Skies Above - post-comp thoughts

In structure, Skies Above is basically a CRPG where you grind activities instead of fighting monsters*, and the experience points are called “floatrons”. When you level up, instead of getting new abilities, you get access to new locations.

There’s clearly a spectrum of how much players enjoy grinding!

The feedback I got seems a little at odds with the results. Many reviews and comments used the word “tedious”. The voters’ feedback was definitely harsher than what I’ve gotten in past years. Just based on what I read, I would have expected a significantly lower result. But the game finished 10th overall, and 3rd among the authors. Hmm. The only thing I can think is that grinding is a special kind of experience when you’re playing a game. It gives you a kind of satisfaction, even though it can’t really be called “fun”. Maybe people enjoy it in spite of themselves.

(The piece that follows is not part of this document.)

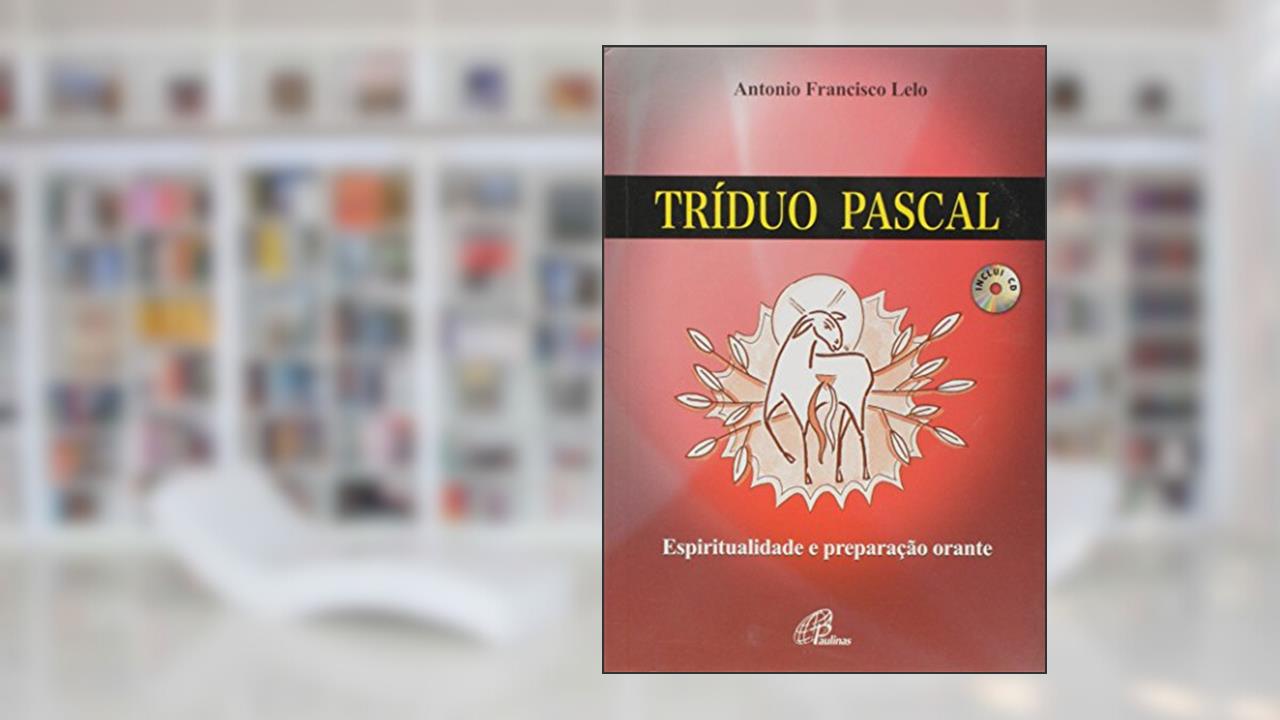 Tríduo Pascal - Inclui CD: Espiritualidade e preparação orante, do autor Antonio Francisco Lelo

Probably my single biggest goal was to make a game where players aren’t going to get stuck. You might progress faster or slower, but you will definitely progress. As far as I can tell, that goal was achieved. Players might have gotten bored, but they didn’t get stuck.

Other scattered thoughts:

  • There are twelve activities in the game, not counting the Fortress battle. I asked my testers and some players to tell me which activities they liked most, and which ones they liked least. I was surprised how varied the responses were. (Especially how much variety was in the “liked least” category.)

  • The game tries to respect the player’s poor fingers. You never have to type SLIDE UPPER ELEVATOR CARD THROUGH SLOT. Most of it is just tapping a key. I’m glad the testers nudged me to allow movement without typing “go”.

  • One strange characteristic of this game, in my limited observation, is that people who are less interested in puzzles tend to progress faster, and maybe to have more fun. They don’t spend time making notes or trying to optimize an activity–they just bang away until they get to the next level. In a way, the game rewards casualness and punishes carefulness.

  • There’s kind of a strange cognitive thing going on with some of the activities. When I play, I have to force myself not to go too fast, or I’ll make mistakes. Especially in the Orchard, the Factory, and the Laboratory. I know exactly what to look for, but I have to stop and process the output before I make my next choice. It can be taxing on the brain, even when you know all the rules. I think it makes the repetition more tiring. It might be the biggest liability of the game.

  • One of my goals was to keep introducing new activities, but also to keep the earlier activities relevant. That placed some difficult demands on the design, and I didn’t totally achieve it. But even late in the game, if you know what you’re doing, the Pumphouse and the Factory can be two of the most valuable activities.

  • Because the game has so much randomness, I’ve been able to enjoy playing it myself. My fastest speed-through is about 26 minutes. I had one session where I was trying to get the highest rank, and on the day of the “deadline”, I was short on everything: floatrons, larks, and erkulite. So I thought about strategy for a minute, and I tried something unusual, and it worked: I finished and got the highest rank. I was pretty excited.

  • As far as I know, no one has gotten MAX_FLOATRONS yet.

  • Hooray for Glulx, 32-bit integers, and floating-point math! Thank you, Andrew Plotkin!

*There is one activity where you fight monsters, but you don’t get any floatrons there!